Recipe:

- 40ml Hayman's London dry gin

- 20ml fresh lemon juice

- 15ml amaro (preferably Montenegro)

- 10ml Amontillado sherry

- 10ml apricot liqueur

- 5ml orgeat

Shake everything with ice until sufficiently chilled. Strain into a prechilled cocktail glass, garnish with rose petals or another edible flower.


DEUTSCH | ENGLISH

A very drinkable and at the same time exciting drink, the mini portion of orgeat contributes to a hint of creaminess in the body, otherwise it is dominated by freshness, apricot sweetness and dry nuts, wonderful. Based on my preferences, I would increase the amount of Amontillado to 15ml for that tad more dryness. Also one of the recipes on DG where I would love to know how far Mr. Difford has deviated from the original. He writes that it is from the source mentioned below, the world-famous Atlas Bar in Singapore, which I think is brilliant per se.

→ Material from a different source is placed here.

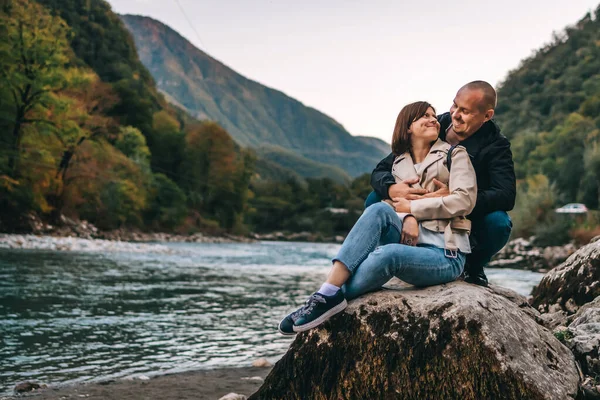 Giovane coppia baciare e abbracciare vicino al lago in montagna. — Foto Stock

At the same time, it's almost hard to believe that they serve such a "simple" drink. On the other hand, it is a bit older and it doesn't seem impossible. It's annoying that there's absolutely nothing else about the drink online, and when it comes to "Amaro", for example, Difford himself only writes "e.g. Montenegro", so was he not even aware of what was in the original? Nonino Amaro or other lighter-colored Amaros would certainly also make good test candidates for substitution. Either way, an absolute recommendation!